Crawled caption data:

-=-=-=-=-

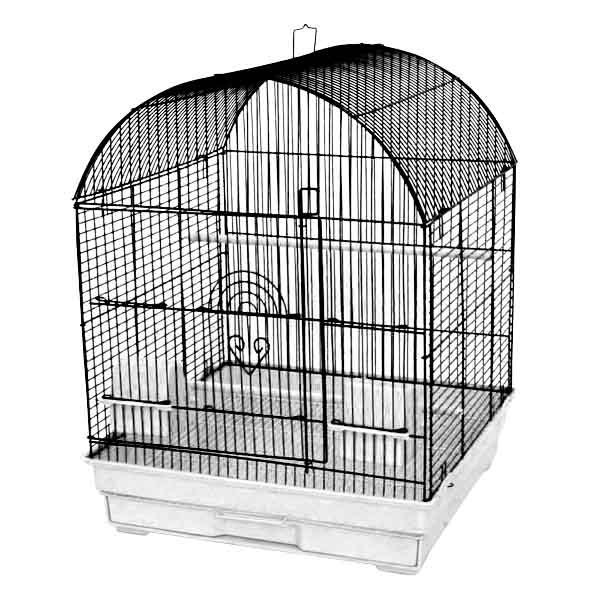 18" 18" Dome Top Cage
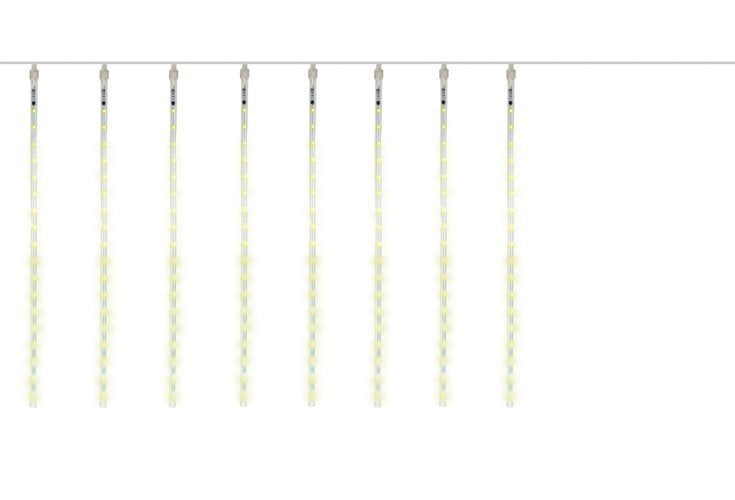 Lamps 36LED - meteors 50cm-8 pcs - warm white 7V Shop kitchen home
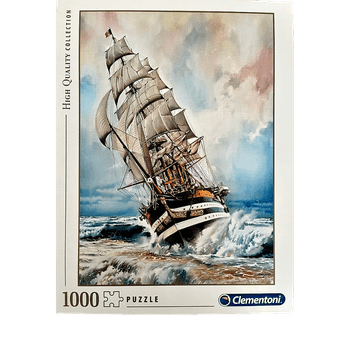 Palapeli 1000 palaa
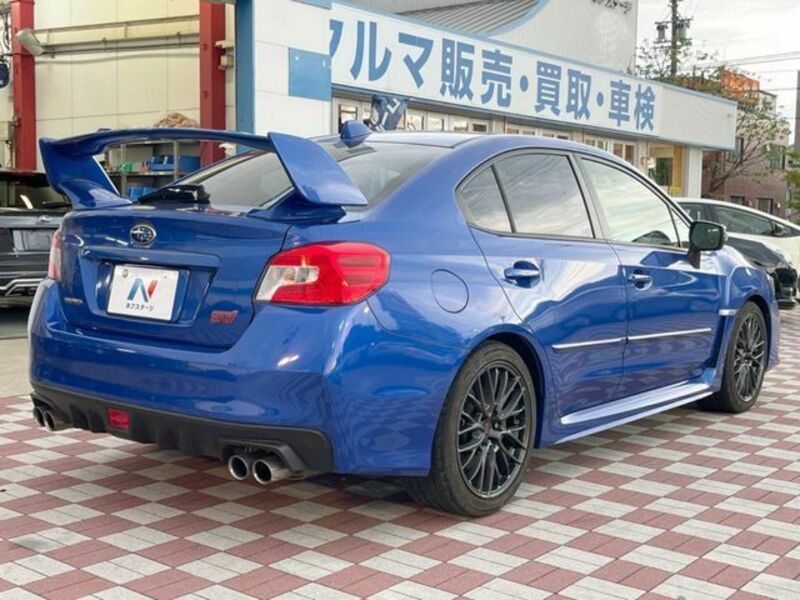 WRX STI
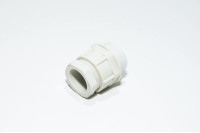 PG13,5, Jacob Conus 6313 PA cable gland for 10...12mm cable, gray, plastic, IP55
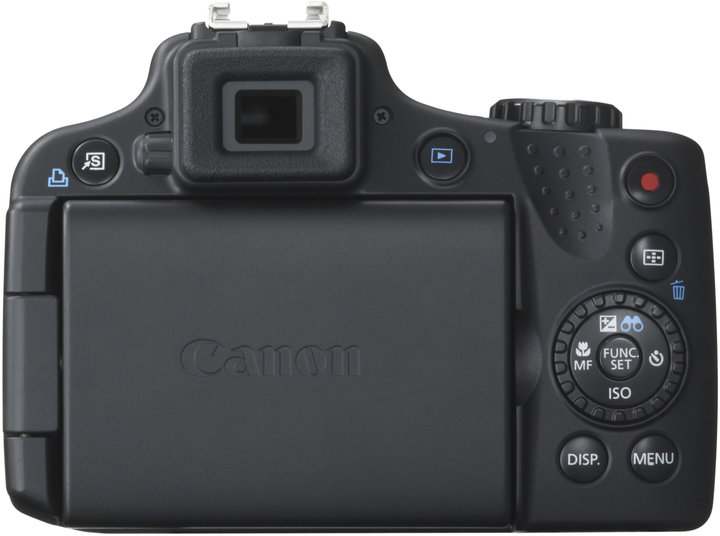 Canon PowerShot SX50 HS, černá_284055167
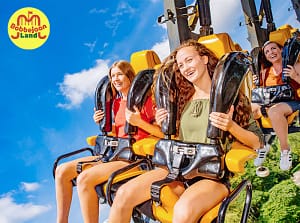 Bobbejaanland in Kasterlee België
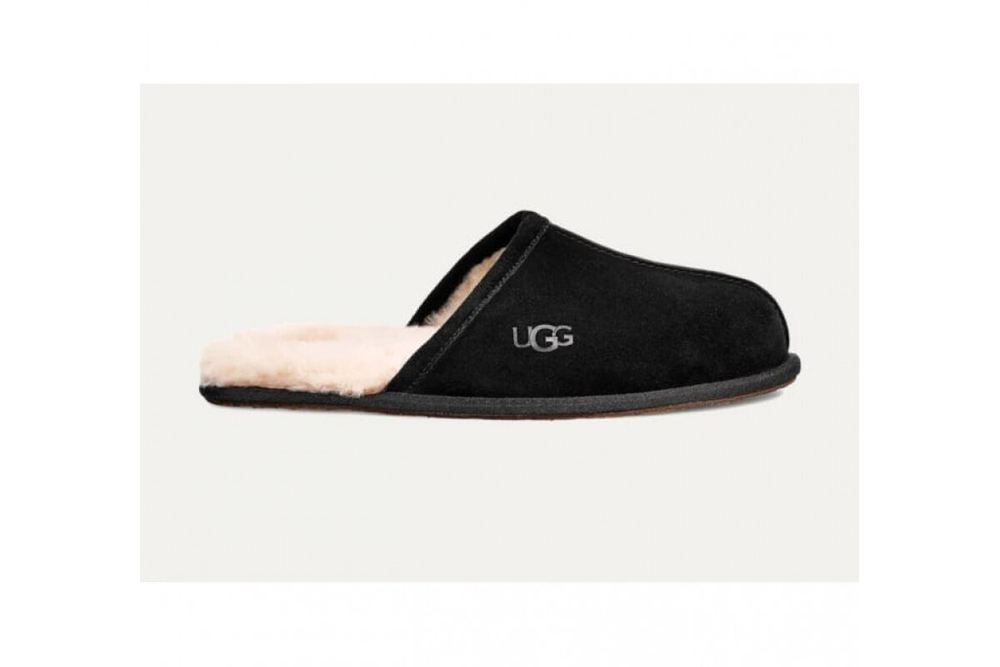 UGG Mens Scuff Black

-=-=-=-=-

The records must come back exactly, with their pictures removed.

 18" 18" Dome Top Cage
 Lamps 36LED - meteors 50cm-8 pcs - warm white 7V Shop kitchen home
 Palapeli 1000 palaa
 WRX STI
 PG13,5, Jacob Conus 6313 PA cable gland for 10...12mm cable, gray, plastic, IP55
 Canon PowerShot SX50 HS, černá_284055167
 Bobbejaanland in Kasterlee België
 UGG Mens Scuff Black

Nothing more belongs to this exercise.